___ PROVIDED DATA ___
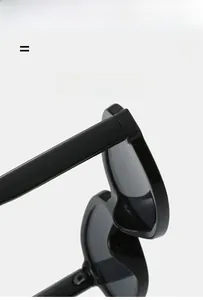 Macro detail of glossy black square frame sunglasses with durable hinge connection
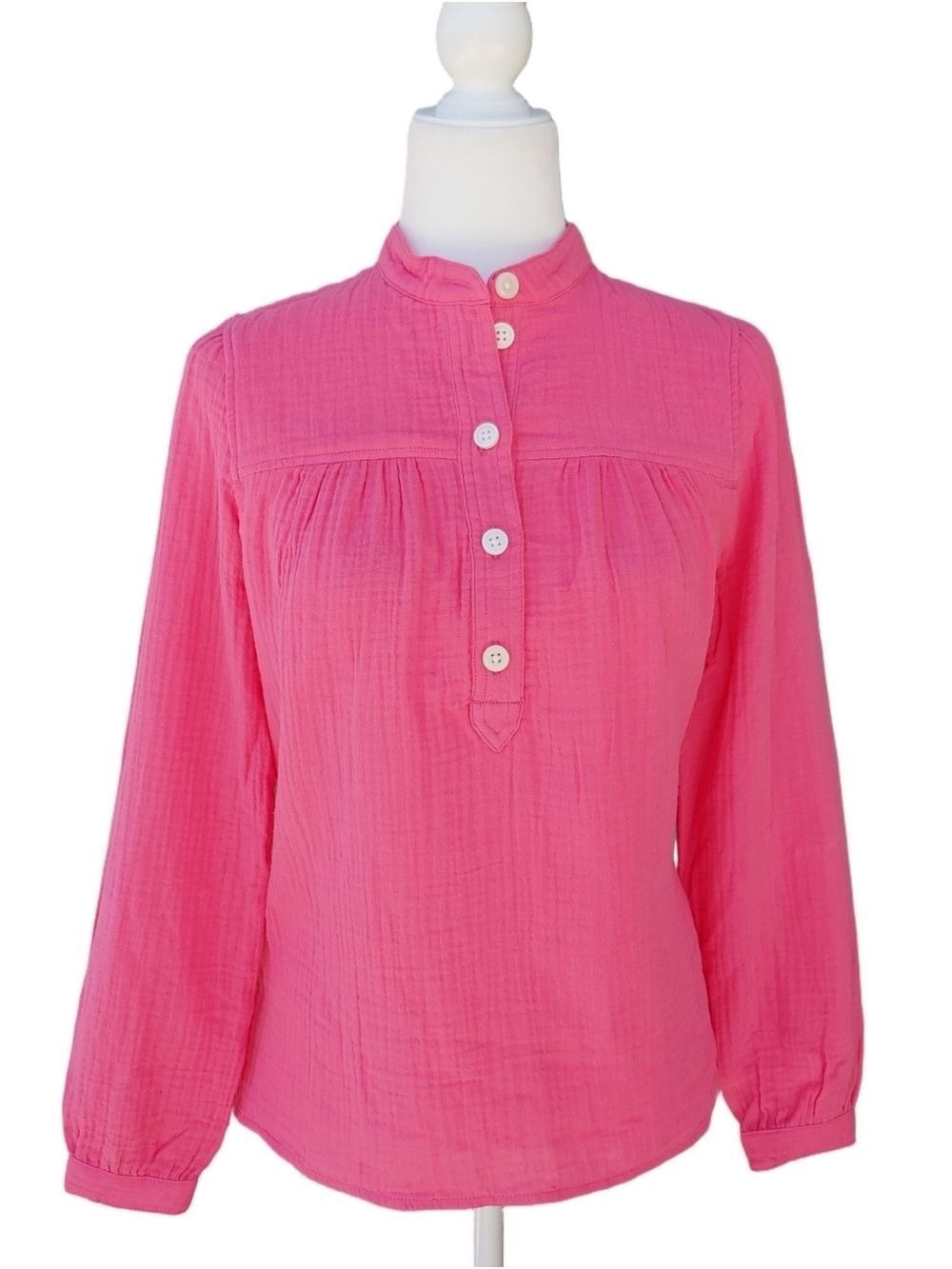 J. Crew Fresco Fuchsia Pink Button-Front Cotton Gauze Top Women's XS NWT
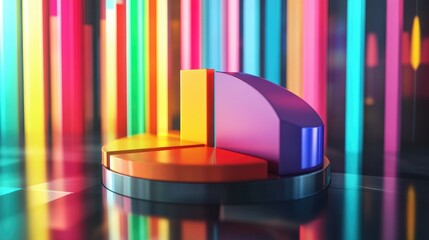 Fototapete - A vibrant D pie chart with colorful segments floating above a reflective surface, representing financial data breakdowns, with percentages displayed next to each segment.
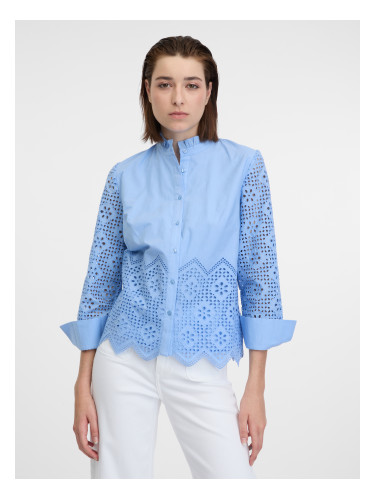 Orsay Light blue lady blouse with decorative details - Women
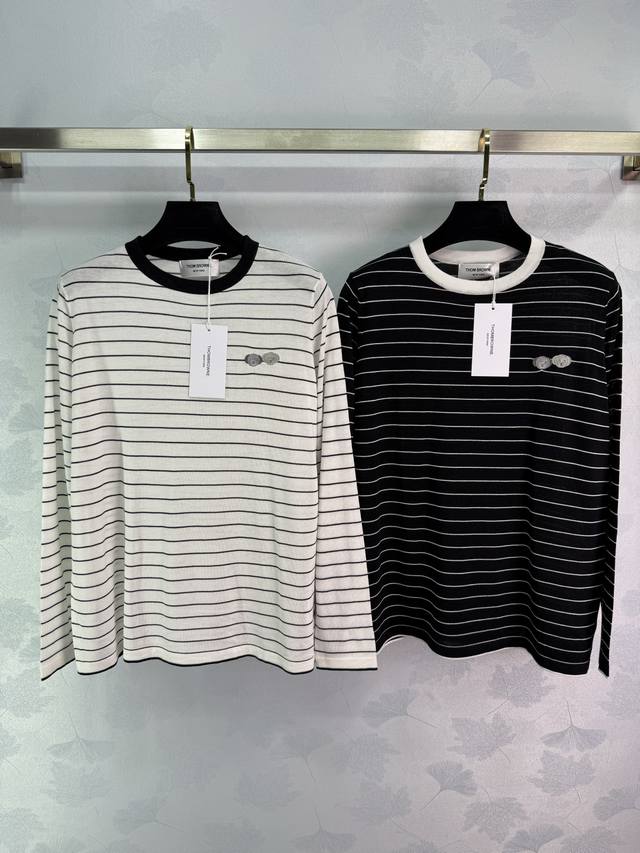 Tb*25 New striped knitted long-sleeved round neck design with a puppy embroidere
___
* **REQUIREMENT**
In the records above, take every line from the opening one through the line with "J. Crew Fresco" and repeat it exactly; pictures are not part of the copy.

* **SOLUTION BELOW**
 Macro detail of glossy black square frame sunglasses with durable hinge connection
 J. Crew Fresco Fuchsia Pink Button-Front Cotton Gauze Top Women's XS NWT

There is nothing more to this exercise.